In his exhaustive analysis of the war's origins, Cumings sees this U.S. deception by high level officials as a response to manipulated events, which in turn were the response to the threat of an imminent expulsion of the Chinese Nationalist KMT from Taiwan, together with a peaceful reunification of Korea. The details are complex, but of relevance to 9/11, not least because of the involvement of the opium-financed KMT: "By late June, [U.S. Secretary of State Dean] Acheson and Truman were the only high officials still balking at a defense of the ROC [the 'Republic of China,' the KMT Chinese Nationalist remnant on Taiwan]….Sir John Pratt, an Englishman with four decades of experience in the China consular service and the Far Eastern Office, wrote the following in 1951: 'The Peking Government planned to liberate Formosa on July 15 and, in the middle of June, news reached the State Department that the Syngman Rhee government in South Korea was disintegrating. The politicians on both sides of the thirty-eighth parallel were preparing a plan to throw Syngman Rhee out of office and set up a unified government for all Korea.'….Thus the only way out, for Chiang [Kai-shek, the KMT leader], was for Rhee to attack the North, which ultimately made Acheson yield and defend Nationalist China [on Taiwan]. [20] Meanwhile, in South Korea, an Australian embassy representative sent in daily reports in late June, saying that 'patrols were going in from the South to the North, endeavouring to attract the North back in pursuit. Plimsoll warned that this could lead to war and it was clear that there was some degree of American involvement as well.' [According to former Australian prime minister Gough Whitlam,] 'The evidence was sufficiently strong for the Australian Prime Minister to authorize a cable to Washington urging that no encouragement be given to the South Korean government.'" [21]

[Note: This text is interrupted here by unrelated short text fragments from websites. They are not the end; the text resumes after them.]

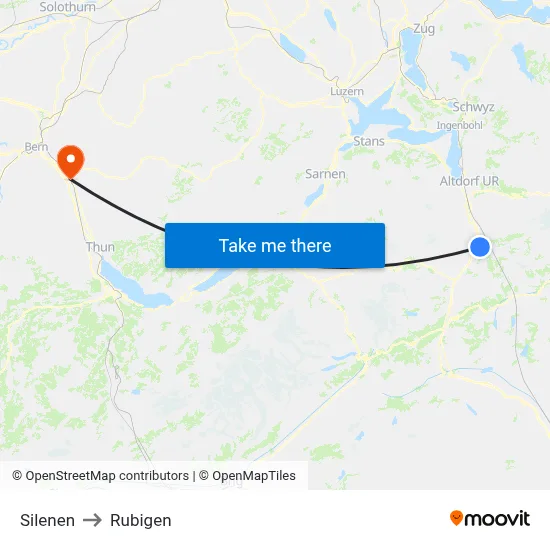 Silenen to Rubigen map
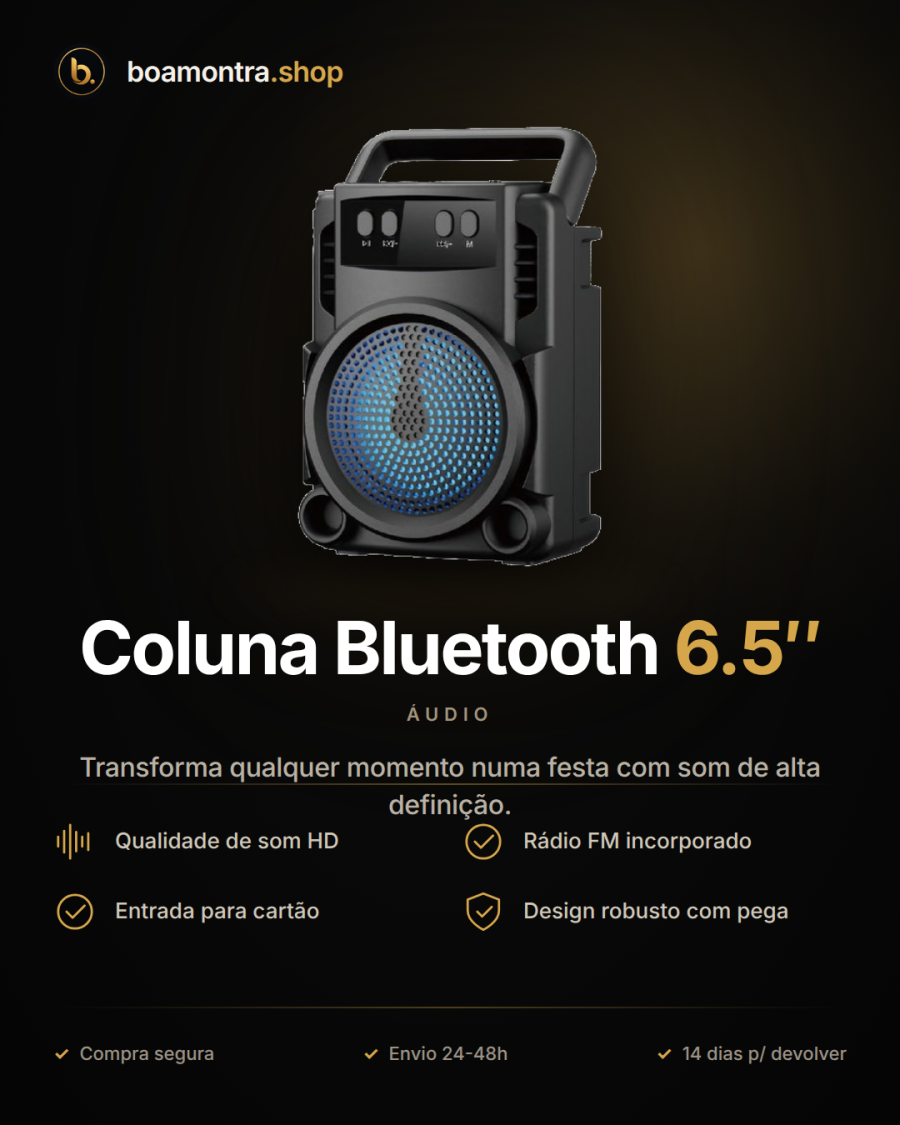 Eleva a tua música com Coluna Bluetooth 6.5"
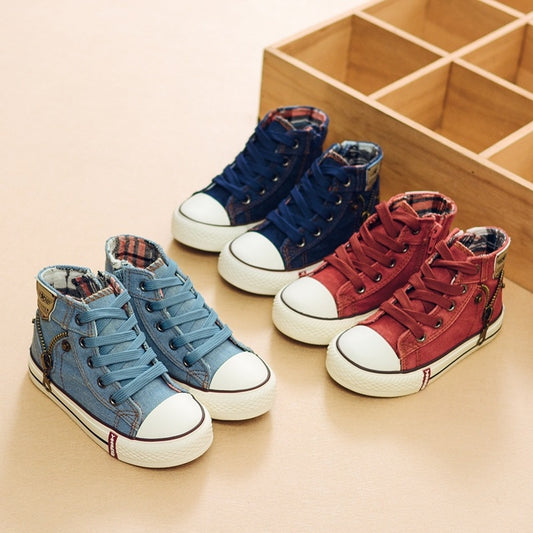 2021 Autumn Expert Skill Children Casual Shoes Boys Girls Sport Shoes Breathable Denim Sneakers Kids Canvas Shoes Baby Boots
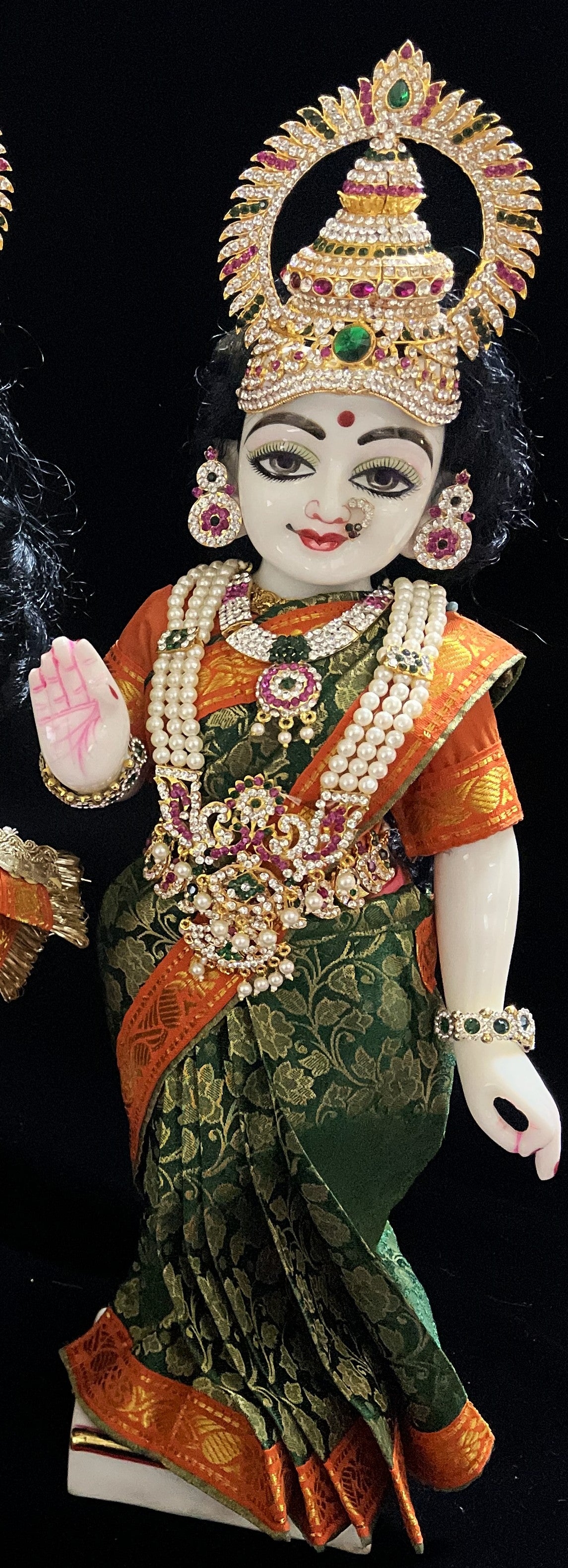 Royal Pre-Stitched with Brocade  Silk Devi Saree (Not Pure Silk) - Dark Green pre-plated Saree with Orange Contrast and blouse 2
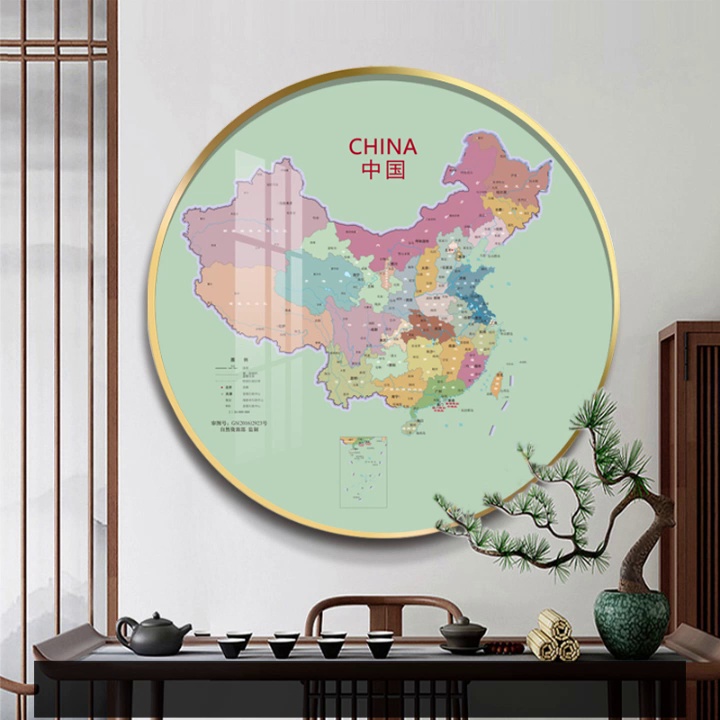 省份地图圆形装饰画儿童房中国世界挂画办公室书房玄关背景墙壁画图片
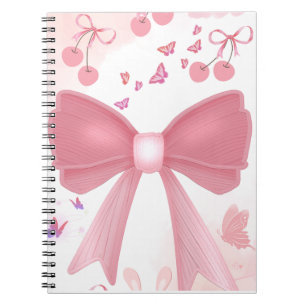 Coquette Roze Strik en Kersen Esthetische Collage Notitieboek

Cumings also notes the warning in late April from an American diplomat, Robert Strong, that "desperate measures may be attempted by [the Chinese] Nationalist Government to involve [U.S.] in [a] shooting war as [a] means of saving its own skin." [22] In chapters too complex to summarize here, he chronicles the intrigues of a number of Chiang's backers, including the China Lobby in Washington, General Claire Chennault and his then nearly defunct airline CAT (later Air America), former OSS chief General William Donovan, and in Japan General MacArthur and his intelligence chief Charles Willoughby. He notes the visit of two of Chiang's generals to Seoul, one of them on a U.S. military plane from MacArthur's headquarters. And he concludes that "Chiang may have found …on the Korean peninsula, the provocation of a war that saved his regime [on Taiwan] for two more decades:"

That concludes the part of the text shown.